Звонок в дверь. Света побежала в коридор — навстречу ей ползли три бледных червяка. Антон тут их поставил в открытой банке, а они захотели путешествовать. Света быстро собрала их в ладонь и так, с букетом из бледно-розовых червей, открыла дверь. Вошла бабушка с Тобиком:
— Не спите еще? И хорошо... Звонила я в больницу-то — будет жить наша Паня! Настя, слышишь? Может, и посадят твою мать, да хоть не расстреляют.
И тут же невидимый кувшин вспрыгнул на Настину головку — она распрямилась и кинулась настраивать антенну на телевизоре.
...А тетя Паня скоро выписалась из больницы, но клумбы свои не холила и не лелеяла, и мальвы стояли полузасохшие. На вопросы Светы о самочувствии она неизменно отвечала:
— Спасибо, ничего.
Суд состоялся в октябре, матери Насти дали семь лет строгого режима. На другой день тетя Паня повесилась. Видимо, биополе от душивших ее пальцев, словно пуля со смещенным центром, было уже пущено по организму ее души и, пока не измесило все, не отпускало... Бабушка с Тобиком прибежала за Светой. Записки никакой не было. Вместо записки на стенке висел свежевышитый ковер с жуткими темно-фиолетовыми цветами. И сама тетя Паня висела с таким же темно-фиолетовым лицом.
Светлые мысли
Прошло три года по древнесоветскому исчислению. Стол, который не поехал в Канаду, много знал светлых мыслей. Светлые мысли срочно понадобились по самым неожиданным причинам: 1) прошли митинги протеста: обижались на весь мир, который не обрадовался меткому ракетному попаданию в южнокорейский самолет; 2) власти разогнали городской Клуб любителей фантастики и т. п. Светлые моменты были под рукой, только нужно было их заметить. Миша считал: очень хорошо, что всех митингующих загнали в узкий издательский коридорчик без окон, закрыли тщательно двери в кабинеты и включили жужжащие лампы псевдодневного света. Народу было мало, часть писателей якобы нырнула в запой, некоторые разъехались по дачам. И это, возможно, зачтется им свыше по более светлому разряду, чем их многотомные сочинения, вызывающие язву у редакторов.

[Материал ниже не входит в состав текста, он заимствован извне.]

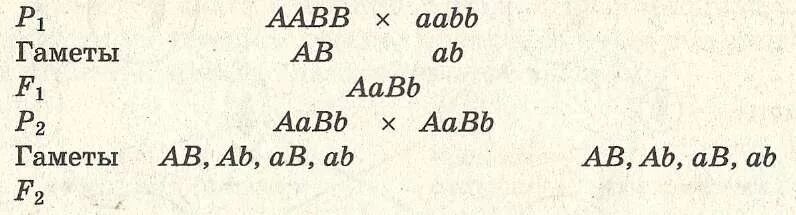 Aabb какие гаметы. Aabb х aabb. гаметы aabb x aabb. aabb x aabb решение. aabb aabb генотип.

Света не ходила на митинг в свою школу, потому что у нее был отпуск по уходу за Дашей. Да, ведь тут родилась ее Даша.
А Антон уже учится в музыкальной школе, а Настя — в художественной. Тем временем магия власти начала шелушиться и осыпаться, и все получалось, как у дурака в сказке, — наоборот.

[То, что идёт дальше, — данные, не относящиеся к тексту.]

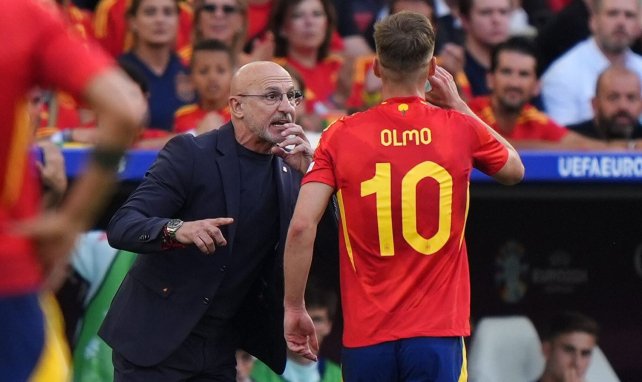 Luis de la Fuente discute avec Dani Olmo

Тризну по КЛФ отмечали у Ивановых, и это было одно из самых веселых сборищ, потому что наши любители фантастики уже отвязались от своих надежд и поплыли в волшебном сияющем вакууме безнадежности. Когда в обычный воскресный полдень на заседание КЛФ приплыла дама из обкома и сообщила, что Ле Гуин пугает третьей мировой войной...
— Кто будет собирать ядерные грибы после ракетного дождя? — закричал подполковник Алешин.
— А что, последствия третьей мировой будут радовать? — тихо возмущалась Света.
— У этой дамы было трудное эмбриональное детство и тяжелое предыдущее воплощение, — заметил йог Андрей.
— Окружили и отрезали! — докладывал подполковник какому-то неведомому — самому высшему — начальству, которое может наказывать власть имущих. — Окружили и отрезали!
Антон и Соня появились из детской: мол, Даша проснулась. Даша проснулась, чтобы краснеть щеками и блестеть зубами и чтобы родители поняли: идет новое поколение, которое, может, изменит порядок вещей. Миша понял это сразу, потому что он не пил — ему же идти еще прогуливать Дашу, а она же запросится на горку, откуда ее трудно уводить. Горка для Даши — половина мира. Мир-то ребенка невелик, и гора — целая половина его. И плачет она по целой половине мира. Так что Мише пришлось оставить гостей и начать одеваться.
— Ты не потеряешь Дашу? — волнуется Света. — Ты не пил?
— Он пил пиво, а мы на целую октаву выше... водку... — ответил за Мишу Василий.
— Это Клуб любителей фантастики? — спросил писатель К-ов, протягивая заранее приготовленную бутылку портвейна. — Дороти обещала Насте позировать сегодня...
— Ений растет! — буркнул Василий, не выговаривая “г” и этим как бы намекая на то, что растет еще художник, а вот вырастет — тогда и присвоим полное именование. По неписаной договоренности вся компания терпеливо сносила антишутки Василия, потому что нелегкая действительность держала их в напряжении, а вместе, в куче, им было не так страшно потреблять общение и запивать портвейном суровую действительность. Они воспринимали друг друга как горькое, но необходимое лекарство.